Last week I wrote:
I have gone back and forth in my head about whether to share that dream publicly. I’m still not certain. But I think I was given that dream because it contains a message not just for me but for all women. And I feel it is my responsibility to share that message. Reading Sarah Hinze’s book today, I felt over and over… it’s time to tell the world what you saw. Hopefully I’ll muster the courage soon.
So I got a big kick in the pants today. Get over to your computer and write about your dream. I haven’t felt ready yet, and I’m still nervous about it. I’m nervous, in part, because I suspect that what I’m about to share will not rest well with some people.
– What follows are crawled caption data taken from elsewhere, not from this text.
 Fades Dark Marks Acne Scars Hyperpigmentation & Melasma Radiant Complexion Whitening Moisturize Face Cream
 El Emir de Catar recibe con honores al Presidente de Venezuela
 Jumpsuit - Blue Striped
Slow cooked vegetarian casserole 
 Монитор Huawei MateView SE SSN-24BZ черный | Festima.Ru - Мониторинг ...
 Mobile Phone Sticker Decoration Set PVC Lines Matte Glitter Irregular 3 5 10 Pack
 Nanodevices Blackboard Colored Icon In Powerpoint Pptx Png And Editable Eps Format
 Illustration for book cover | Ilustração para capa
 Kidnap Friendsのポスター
I suppose I’m willing to accept that risk.
In January of 2012, I had a dream. Occasionally God speaks to me in dreams. I feel that this was one of those divine messages. Here’s what I saw…
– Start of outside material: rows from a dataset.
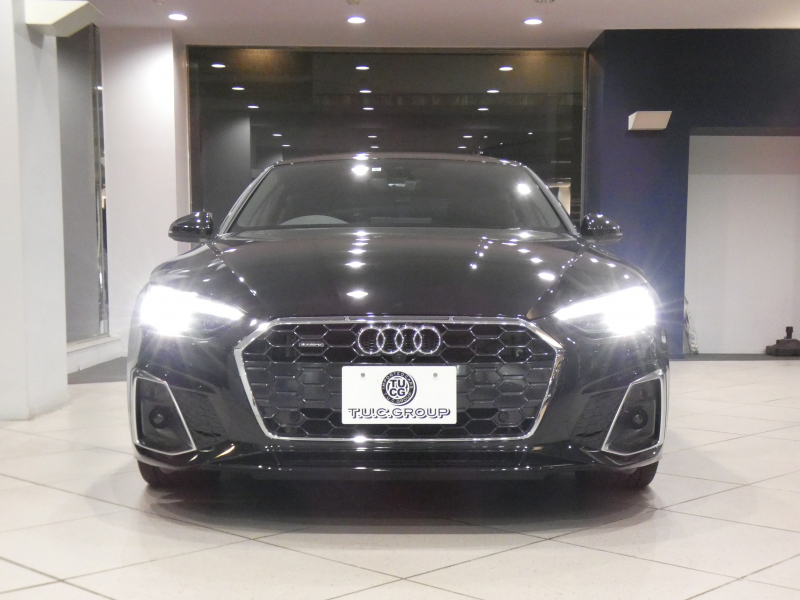 アウディ A5 A5ｽﾎﾟｰﾂﾊﾞｯｸ 40TDIｸﾜﾄﾛ Sﾗｲﾝ　後期 追ACC ﾚｰﾝ&ｻｲﾄﾞｱｼｽﾄ 衝突軽減 半革 全席ﾋｰﾀｰ ｽﾃｱﾋｰﾀｰ ﾀｯﾁP対応MMIﾅﾋﾞ ﾊﾞｰﾁｬﾙCP+ 全周囲ｶﾒﾗ PDC ﾏﾄﾘｸｽLED ｱﾝﾋﾞｴﾝﾄﾗｲﾄ Sﾗｲﾝｴｸｽﾃﾘｱ&18AW　2年保証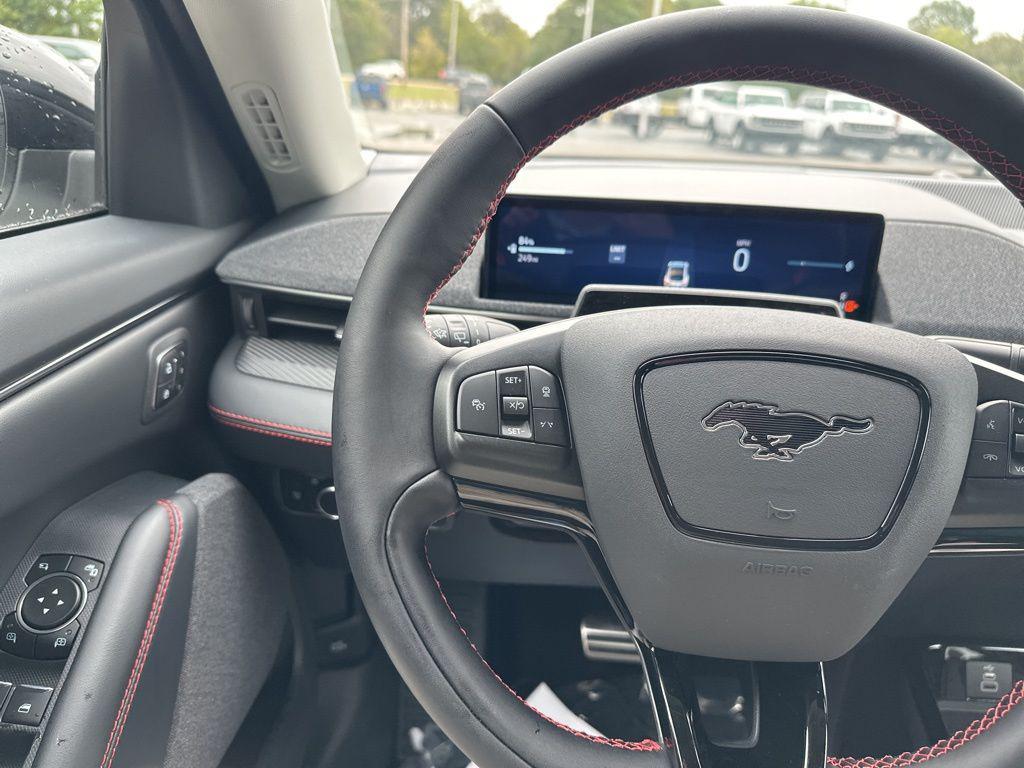 new 2025 Ford Mustang Mach-E car, priced at $50,504
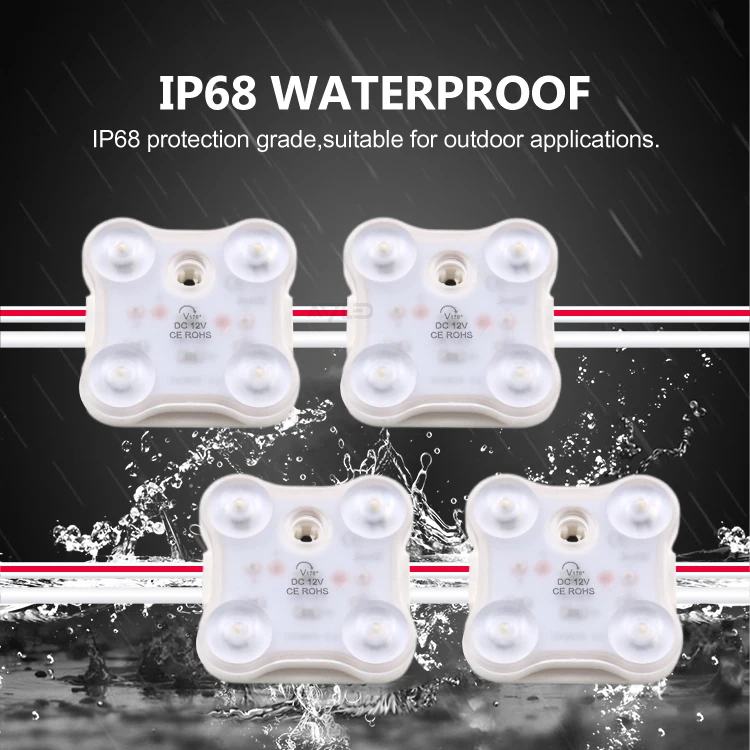 Modulos LED IP68 2835 warm cold white modules waterproof led module light with 5 years warranty
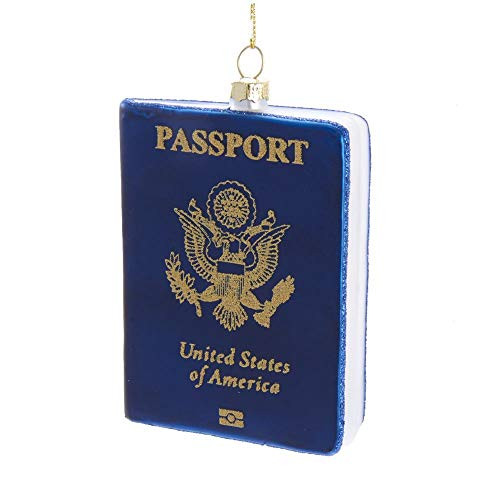 Glass Passport Ornament | Amazon (US)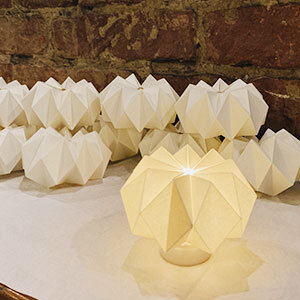 Paper Lamps by Lara Langner
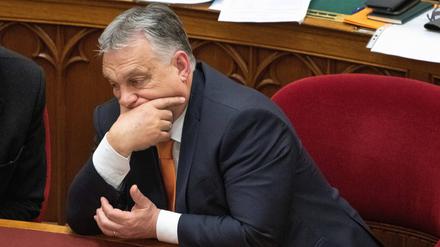 Ungarns Ministerpräsident Viktor Orban (Archivbild).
I was walking with someone. I don’t know who it was. The road we were walking down looked like a ghost town. Dark, abandoned buildings. Dirty. Trash everywhere. But we were the only people walking down a deserted road. Eventually, we went over to the gutter on the side of the road, and I picked something up. At first I thought it was just a piece of garbage. But then, as I looked closer, it seemed to transform in my hand. It was a baby! A tiny baby… only an inch or two or three. It fit in the palm of my hand, and it was alive.
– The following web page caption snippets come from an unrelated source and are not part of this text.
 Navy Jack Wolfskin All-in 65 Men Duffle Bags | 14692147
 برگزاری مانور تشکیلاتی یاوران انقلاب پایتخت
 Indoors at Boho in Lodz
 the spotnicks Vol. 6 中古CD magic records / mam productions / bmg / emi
My immediate thought was, “We have to find her parents!” I held her and began searching. As I searched, she grew miraculously (in the space of a few hours) to be five or six years old. A sweet little blonde girl. I took care of her while looking and looking for her parents or at least a suitable home for her. As I cared for her, I felt my heart ache and fill with love for her. Part of me really wanted to keep her, but another part of me thought, “I can’t take care of another kid right now!”
Eventually, after realizing that our search was futile, we brought her to a non-descript building. There was a massive line of children coming from the door. I got the impression that all those children were like her. They were waiting in line because they had nowhere to go. We headed to the back of the line to leave her there, but my heart was torn and breaking. I wanted to keep her, but I also didn’t feel like I could. Then the dream ended. But there was this sort of question hanging over the dream: “Are you willing?”
At first I just thought it was a weird dream. It took me a few days of processing before I really understood that it was a message and what that message was.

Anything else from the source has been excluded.